Forse perché non sono un lanzichenecco, della condivisibile intemerata di Alain Elkann un dettaglio mi ha stimolato più di ogni altro: quale edizione di Proust aveva con sé? Dice che stava leggendo il secondo volume, specificamente “il capitolo Sodoma e Gomorra”: definizione impropria, poiché “Sodoma e Gomorra” costituisce uno dei sette romanzi a sé stanti nella “Recherche”, a sua volta diviso in due capitoli, il primo dei quali occupa in effetti la fine del secondo volume nell’edizione dei Meridiani soavemente tradotta da Giovanni Raboni.

 

Mentre, tradotto da Elena Giolitti, è il quarto volume nella storica edizione Einaudi, pur riapparendo nel 1991 spacchettato fra nono e decimo tomo della collana Tascabili e poi fuso nel monovolume di duemilatrecento pagine nella collana Biblioteca del 2017. Elkann tuttavia ne cita il titolo francese, quindi sarà stata un’edizione in lingua originale: non certo l’economicissima Folio, suddivisa nei canonici sette volumi, né la Flammarion che lo distribuisce fra sesto e settimo tomo. Non credo si tratti di uno dei pacchiani cofanetti bipartiti – la Omnibus 2011 o la Bouquins 1987 – ma della ristampa Gallimard uscita l’anno scorso, che riprende l’autorevole edizione Pléiade 1989 (dove “Sodoma e Gomorra” figurava al terzo volume) eliminando del tutto l’apparato critico curato da Jacques-Yves Tadié onde ficcare tutto in due tomi.

Strano che nessuno dei compagni di viaggio abbia chiesto lumi filologici a Elkann: non solo perché la scelta dell’edizione, popolare o ricercata, è dirimente per un autore capace di stilare un migliaio di pagine memorabili sul malriposto snobismo della volgare madame Verdurin o sulla spietata aristocrazia di Charlus e della duchessa di Guermantes. Più ancora perché, sorprendentemente, la “Recherche” si cala alla perfezione in ambienti incongrui come il treno per Foggia, ama emergere per contrasto in contesti pop – un po’ come quando Nanni Moretti, in “Bianca”, va a leggere Proust in barchetta a Villa Borghese per rimorchiare, poi getta in acqua il volume (spero non la Nuova Universale Einaudi 1963) perché a passanti e turiste non gliene può fregar di meno.

 

Ancora oggi, nel film di cui tutti parlano, un dirigente Mattel dice che purtroppo Barbie Proust non ha avuto gran successo, così come Steve Carrell in “Little Miss Sunshine” definiva Marcel “uno sfigato di prima categoria, che non ha lavorato un giorno in vita sua” e Robert De Niro, interrogato in “C’era una volta in America” su cos’avesse fatto per trentacinque anni, li riduceva a un “Mi sono coricato di buonora”. Simile al polo di un magnete che attrae quello opposto, Proust sembra trovarsi a proprio agio fra i lanzichenecchi, e l’articolo di Elkann non avrebbe avuto la stessa eco se il libro fosse stato di Stendhal o di Balzac: troppo etereo l’uno, troppo terragno l’altro.
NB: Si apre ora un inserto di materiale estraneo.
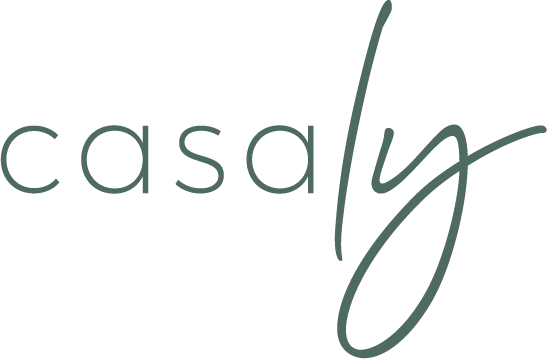 Casaly Immobilien AG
A nessuno di loro avrebbe dedicato un intero spettacolo il rapper francese Oxmo Puccino (che magari i ragazzacci sul treno ascoltano pure) poiché rapito dal ritmo, dalla scansione delle frasi leggendo ad alta voce la “Recherche”.
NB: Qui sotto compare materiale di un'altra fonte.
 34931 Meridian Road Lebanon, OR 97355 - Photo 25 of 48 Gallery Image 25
La Bonne Maman, una specie di Mulino Bianco d’Oltralpe, cavalca Proust nelle pubblicità delle madeleine al burro; l’editore Denoël gli ha dedicato un “Proustografo” che lo converte in numeri e grafici per chi non ha sbatti di leggere; un ristorante ha intitolato, con facile calembour fonetico, “Marcel Prout” un piatto a base di fagioli e, giusto l’altro giorno, i dieci pensieri più profondi di Proust sono finiti su un numero di Vogue da consumarsi in spiaggia. Mancava quello sul “meraviglioso miracolo della lettura, comunicazione in seno alla solitudine”, che proviene da una nota alla sua traduzione di Ruskin e che avrebbe fatto comodo a Elkann (la solitudine, intendo, per leggere in santa pace).
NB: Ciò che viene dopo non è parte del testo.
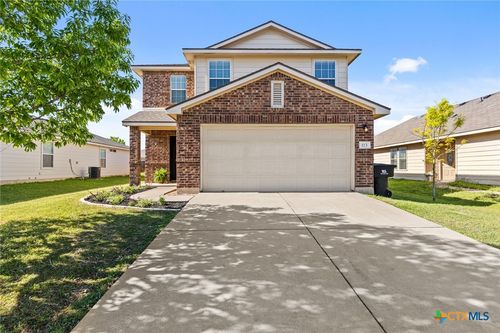 113 Mcgugan Ln, Temple, TX, 76502-3527 | Card Image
Sorprende soprattutto che questi, come Proust, sia stato a torto accusato di classismo, quando invece il suo articolo dimostra il contrario: che cioè perfino sull’ultima ridotta della divisione in classi, il treno, non vige distinzione fra lanzichenecco e hidalgo, ormai mescolati in un tutto indistinto. Esattamente ciò che Proust aveva raccontato cent’anni fa, mostrando madame Verdurin che riceve il titolo di duchessa di Guermantes; bastava arrivare all’ultimo volume.